El hogar perdido.
Había salido de viaje, en la búsqueda de un logro, de una sorpresa, de sobrepasar mis limites, había ido ahí a un lugar tranquilo, soleado y salado. Había completado mis deberes con normalidad, había compartido comidas, bebidas e incluso cama con las personas que me inspiraban en ese momento. Había sido un viaje normal, salí de mi hogar a un viaje, sin saberlo, a ese hogar ya no volvería jamás.
El cansancio era como una bruma para mi mente, la luz era extraña, las sensaciones eran espesas, pasaba por el umbral y todo estaba igual, pero nada era lo mismo. Ahogados en llanto, en penas, en suspiros que solo suponían la lluvia que se avecinaba, una lluvia que los llevaría lejos. Era como escuchar un saxofón nostálgico, triste y que volvía tenue la luz. Se acabó. Mañana ya no es mas. ¿No es esa es la virtud del tiempo? Nada es permanente, nada es absoluto. De esa manera es el regalo que nos brinda, nada que nos atormente es para siempre y la felicidad no es eterna, pero la promesa del descanso y de nuevos amaneceres siempre se nos da.

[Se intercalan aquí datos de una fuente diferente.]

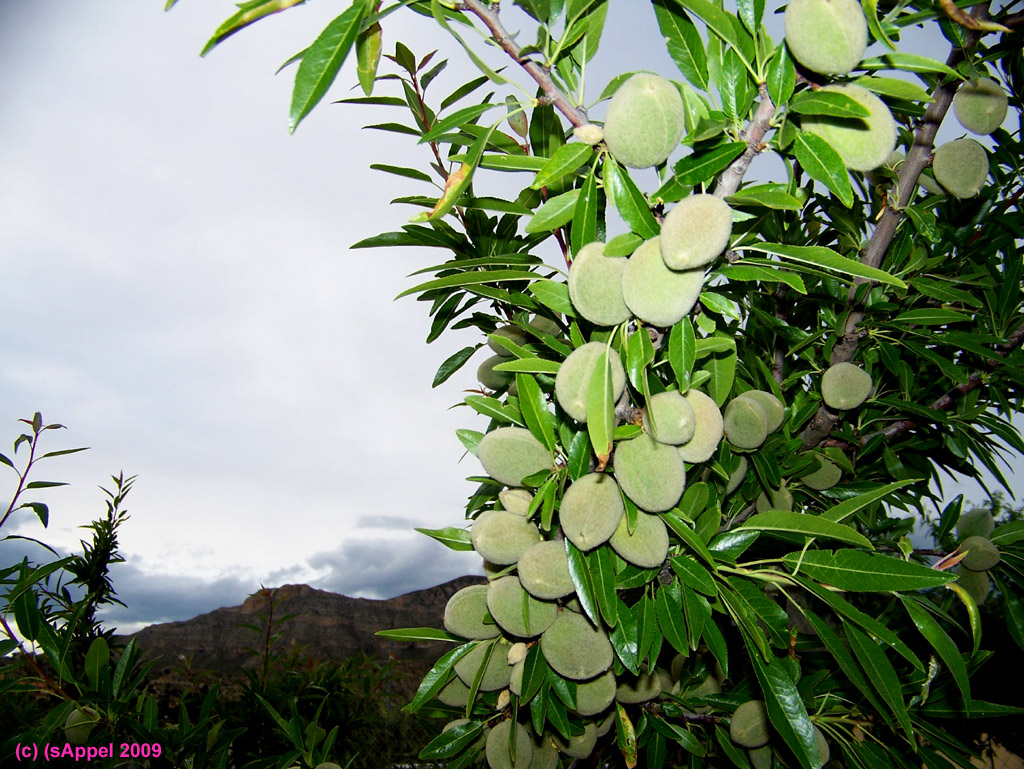 [Image: almond-mountain-almendras-mandeln.jpg]
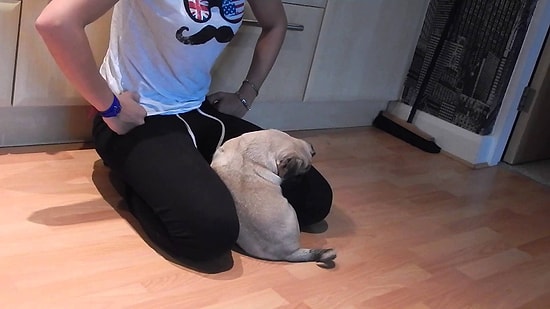 Yere Tuvaletini Yaptığı İçin Kendini Suçlu Hisseden Köpek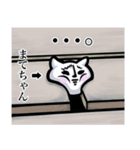 【まてちゃん】は猫ちゃん！（個別スタンプ：25）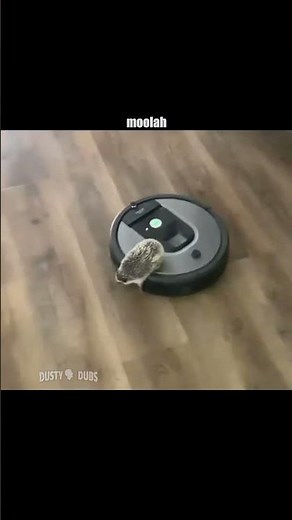 Hedgehog on a Roomba￼
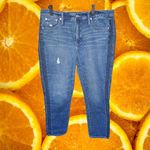 J. Crew Semi Distressed with Navy Stripe Blue Jeans Size 32 Photo 1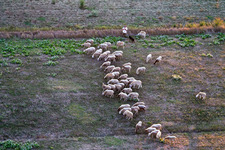 Meadow pasture with sheep - flock and shepherd in Castroncello in Castiglion Fiorentino in the state Arezzo, Italy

Quedan escombros, una ruina, no se ve nada en pie, pero quiero creer que todo esto es solo el inicio, que no todo es destrucción, sino que es un renacer. Fénix. Ave legendaria, ayúdame, guíame en este sin sentido, déjame escoger sabiamente ante este nuevo absurdo. Dame fuerza, dame coraje, dame claridad.
A las dos mitades, el rencor solo es un espasmo del adiós. Cuídense y dense la oportunidad de perdonar, de sanar. La metamorfosis es una elección siempre al alcance de los fuertes. Yo trataré una última vez mas de llevar el peso, no tarden mucho que las energías me son pocas, pues mi propia realidad ya me alcanzó allá atrás. Yo no sé que pasará, pero creo que esto es providencia. La neblina se disipa y me doy cuenta que es cierto, se perdió mi hogar.